Exercise prompt | Transcribe, starting at the line with "Safejawz Protector bucal" and ending at the line with "VIDAXL Coussin de", every line of the material below exactly, but leave out the pictures and anything outside that span.
►
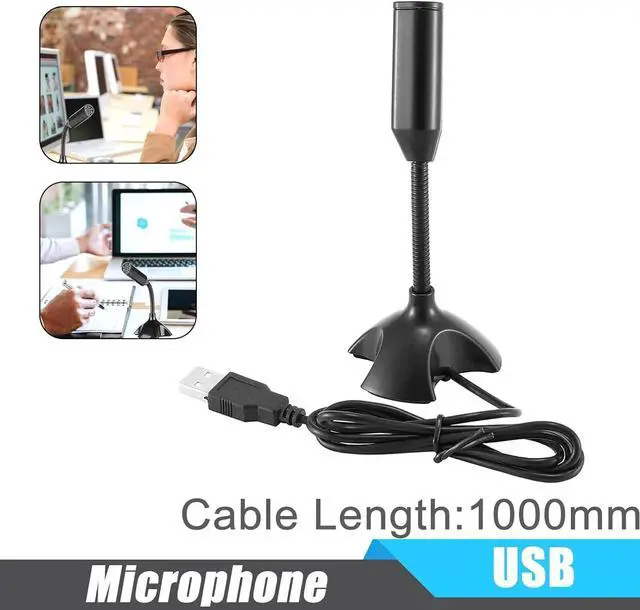 Alt view image 5 of 6 - Mini USB Microphone for Desktop Computer and Laptop,Portable USB Condenser Mic With Adjustable Stand,Compatible with PC/Mac,Plug & Play,Ideal for Meeting,Online Class,Games,Remote work(Black)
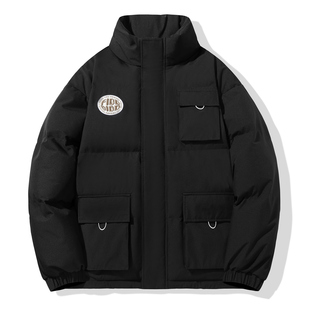 FIDODIDO纯色简约基础百搭宽松休闲立领保暖加厚工装 面包棉服外套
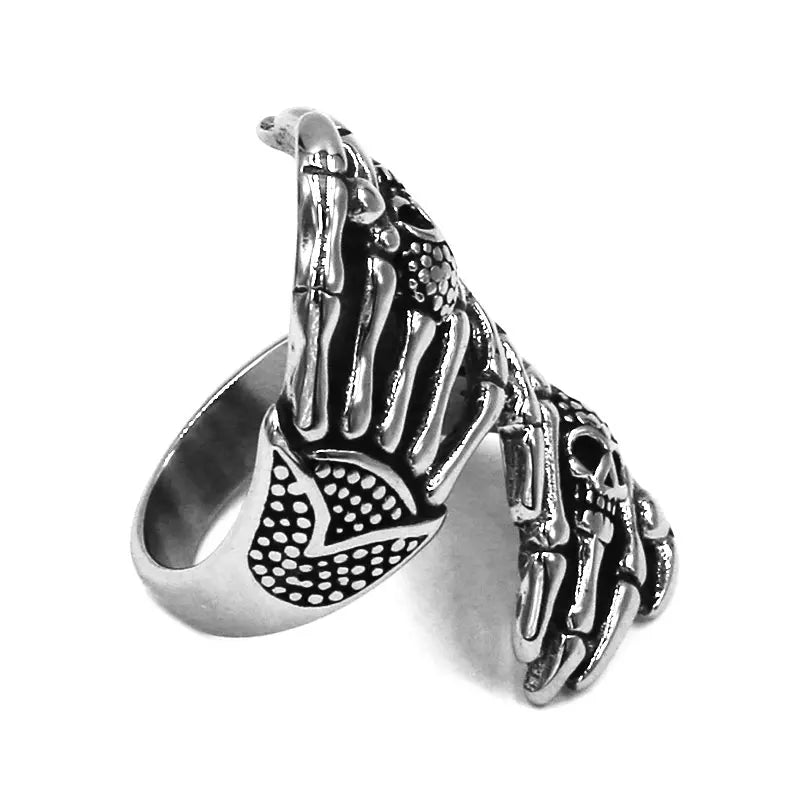 Wholesale  Norse Viking Wolf Skull Hands Ring Stainless Steel Jewelry Nordic Rune Odin Symbol Amulet Biker Mens Ring SWR0939A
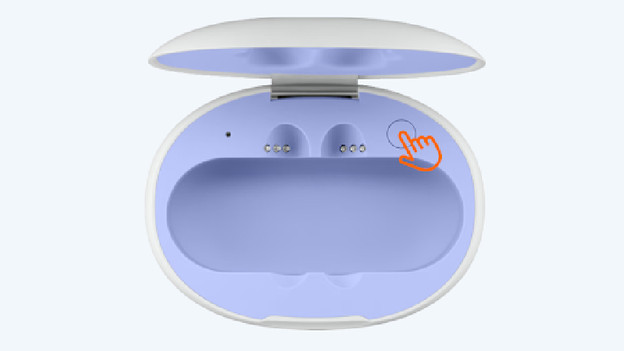 Logitech G Fits mit Finger auf der Pairing-Taste rechts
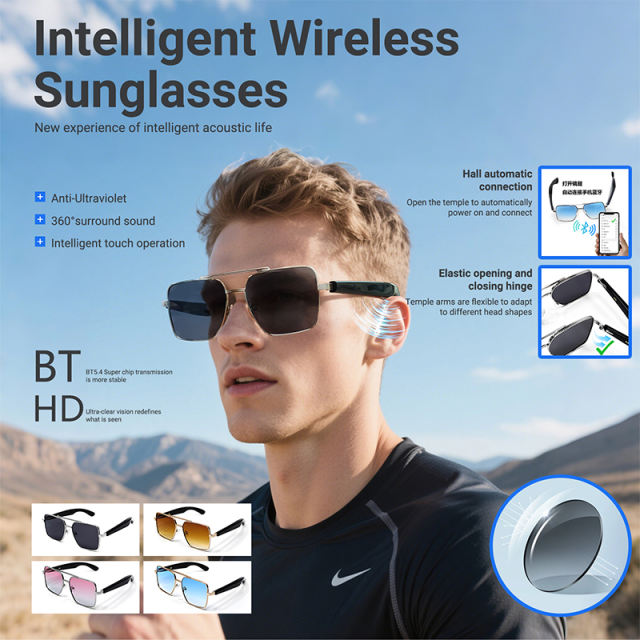 Smart AI Translator Bluetooth Sunglasses with Music Playback, Hands-Free Calling, UV400 Protection, Touch Control & Magnetic ChargingRC-SG008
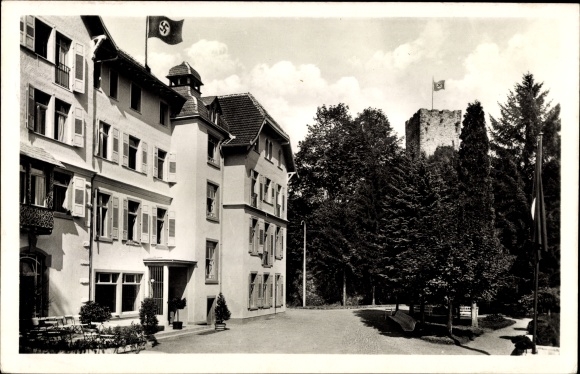 Postcard Hornberg im Schwarzwald, district school of the NSDAP, office for civil servants, district of Baden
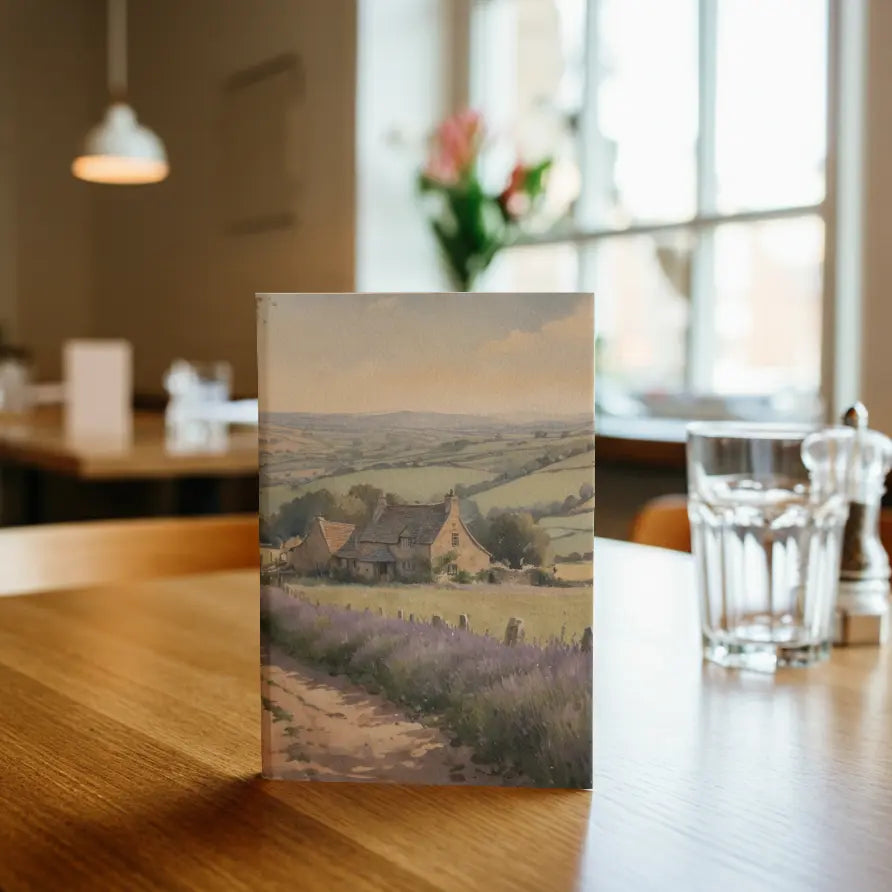 Watercolour illustration of a Cotswolds stone cottage, rolling hills, tree shade, and a lavender-lined country path on an A5 hardback journal cover.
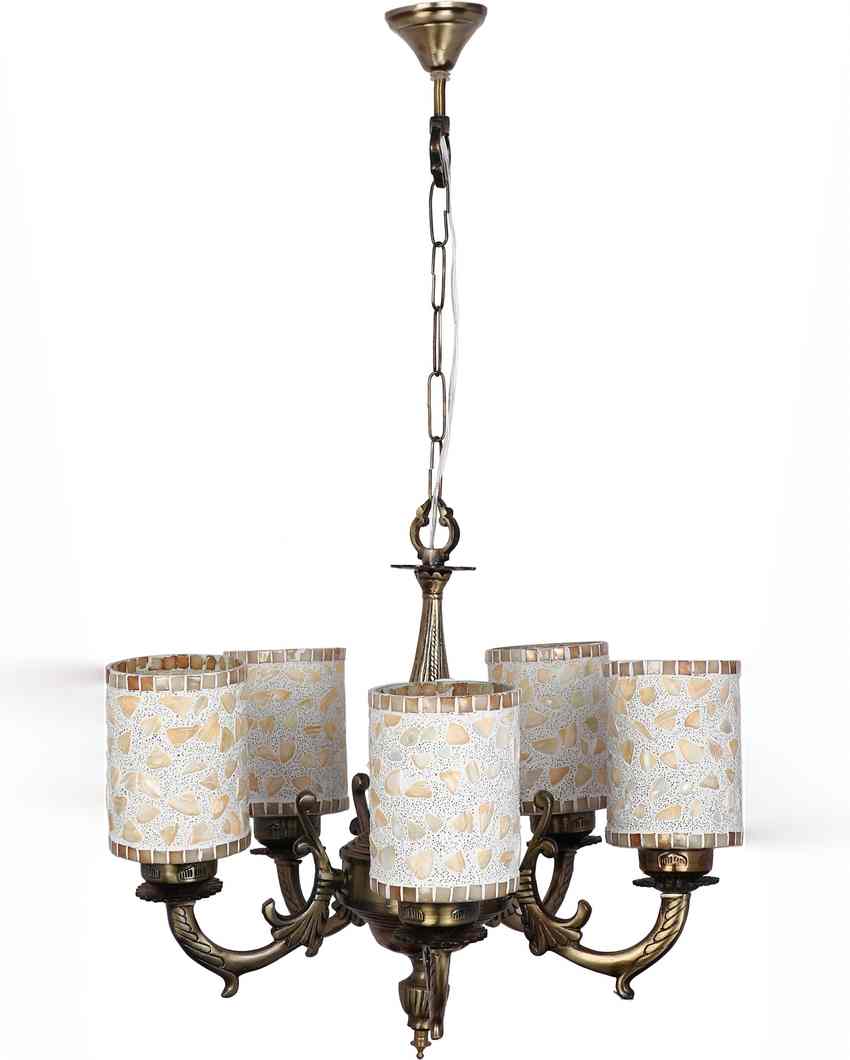 Sophisticated Pendant Ceiling Five Glass Shade Chandelier Jhoomer | 19 x 19 x 17 inches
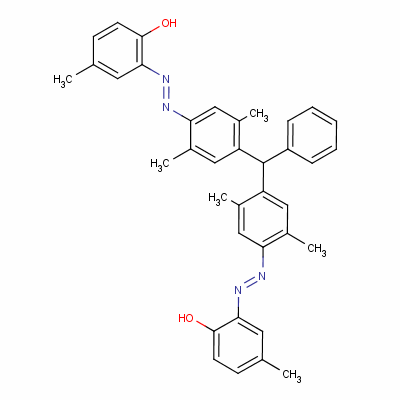 (6E)-6-[[4-[[2,5-二甲基-4-[(2E)-2-(3-甲基-6-氧代-1-環(huán)己-2,4-二烯亞基)肼基]苯基]-苯基甲基]-2,5-二甲基苯基]亞肼基]-4-甲基環(huán)己-2,4-二烯-1-酮結(jié)構(gòu)式_3321-10-6結(jié)構(gòu)式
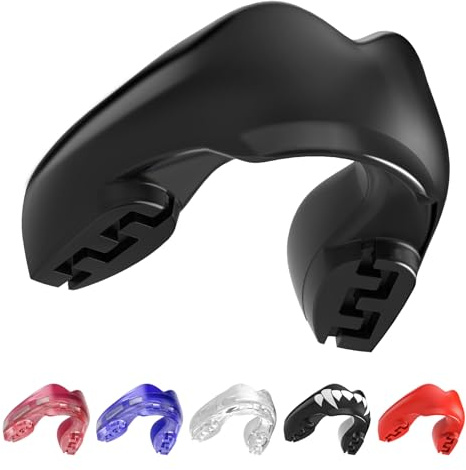 Safejawz Protector bucal para aparatos ortopédicos. para Todos los Deportes de Contacto, incluidos rugby, MMA, artes marciales de kickboxing, judo, hockey y boxeo (Negro)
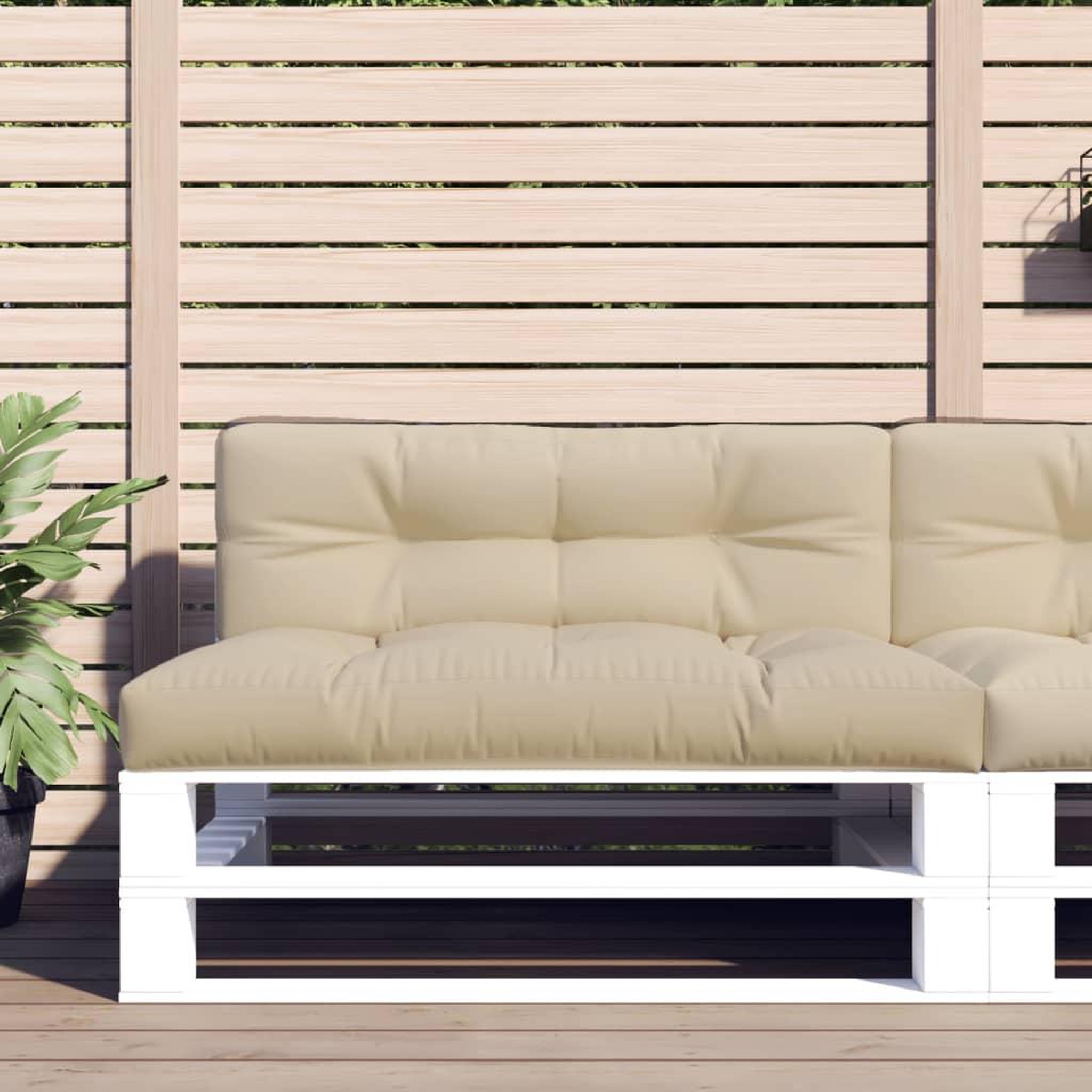VIDAXL Coussin de palette beige 120x40x12 cm tissu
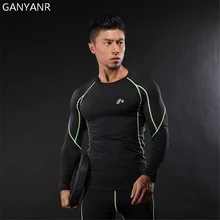 GANYANR футболка для бега для мужчин баскетбольный спортзал спортивная одежда спортивные фитнес компрессионные, для бега колготки для упражнений Рашгард быстросохнущая футболка
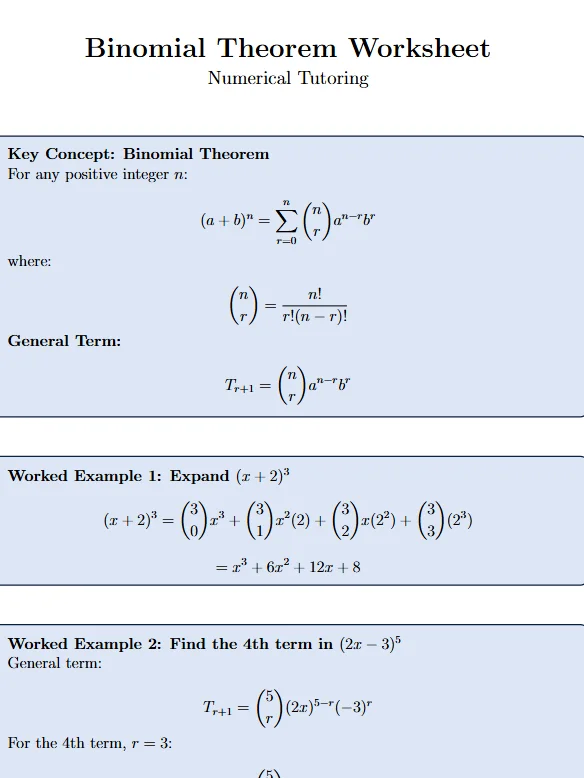Binomial Theorem Worksheet product image (2)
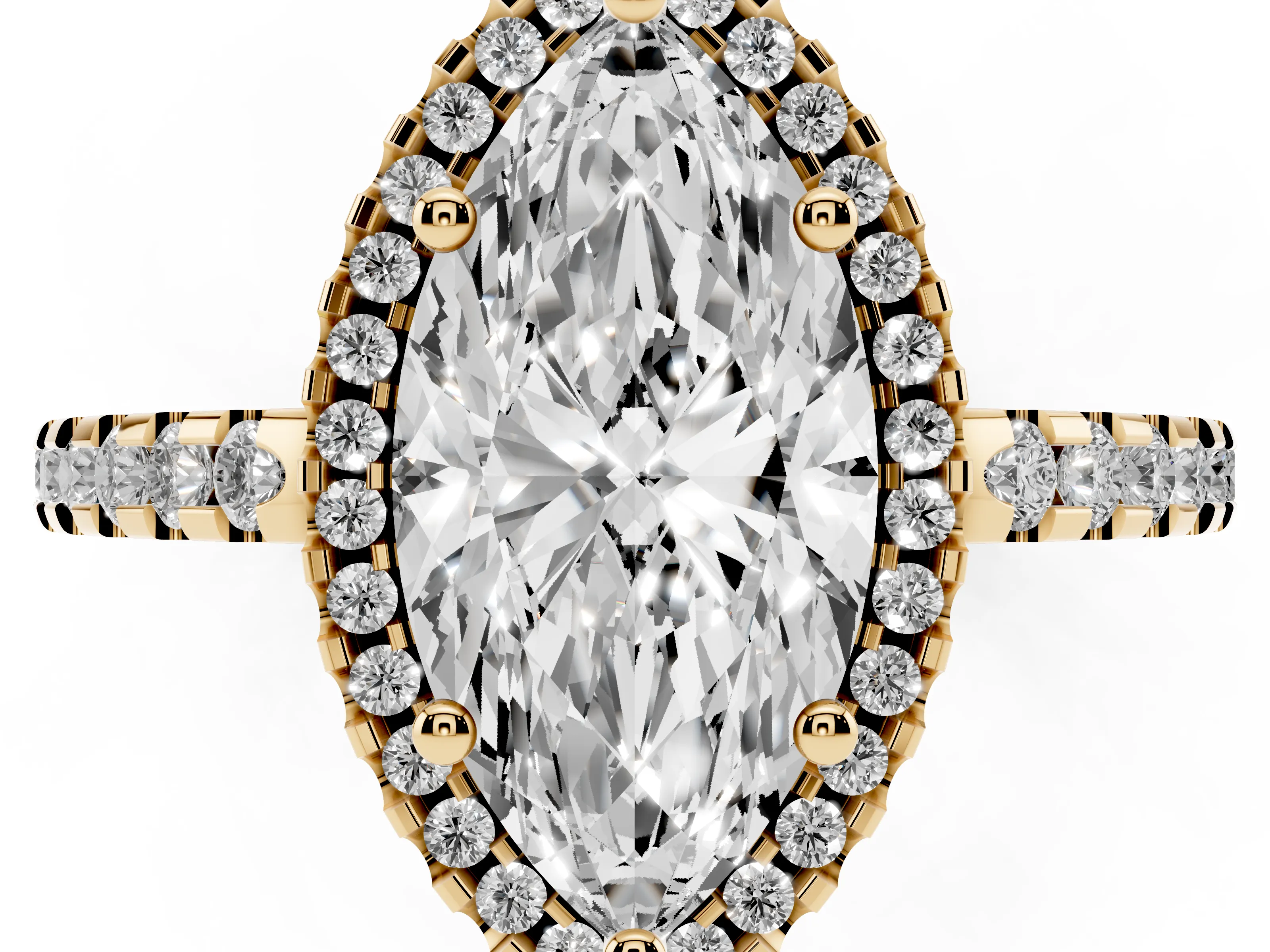 Marquise Cut Diamond Halo Ring Set in Yellow gold with Pavé Shoulders and Halo-Framed Center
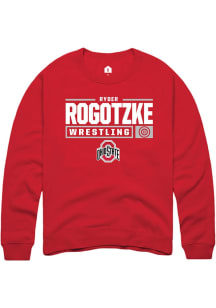 Ryder Rogotzke  Rally Ohio State Buckeyes Mens Red NIL Stacked Box Long Sleeve Crew Sweatshirt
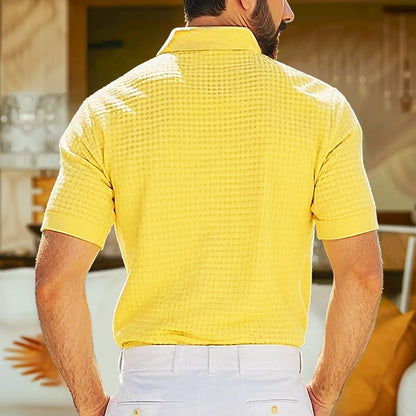 Textured Waffle Polo-Soft Summer Lapel Collar Shirt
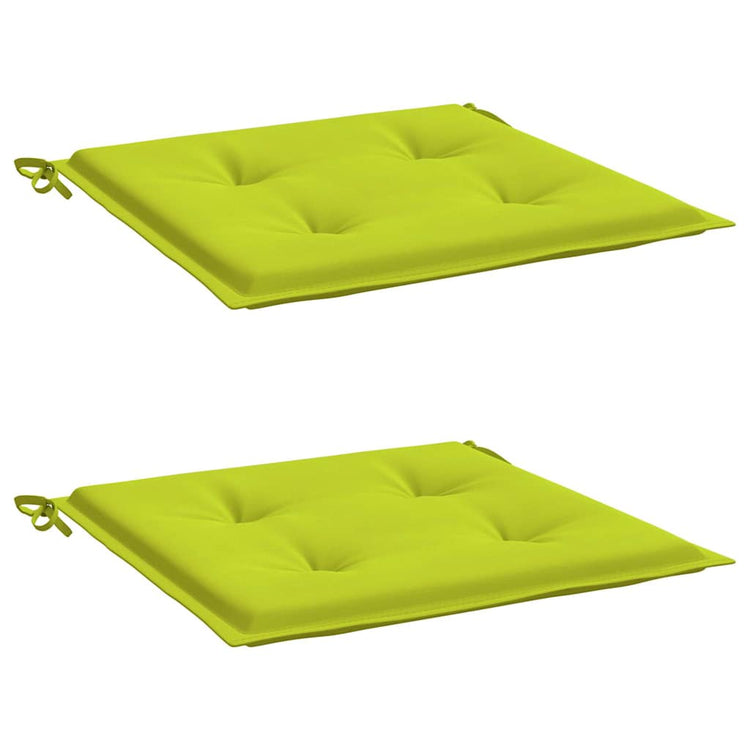 VidaXL coussins de chaise de jardin 2 pcs 40x40x4 cm tissu oxford vert vif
◄
Result of the task |
 Safejawz Protector bucal para aparatos ortopédicos. para Todos los Deportes de Contacto, incluidos rugby, MMA, artes marciales de kickboxing, judo, hockey y boxeo (Negro)
VIDAXL Coussin de palette beige 120x40x12 cm tissu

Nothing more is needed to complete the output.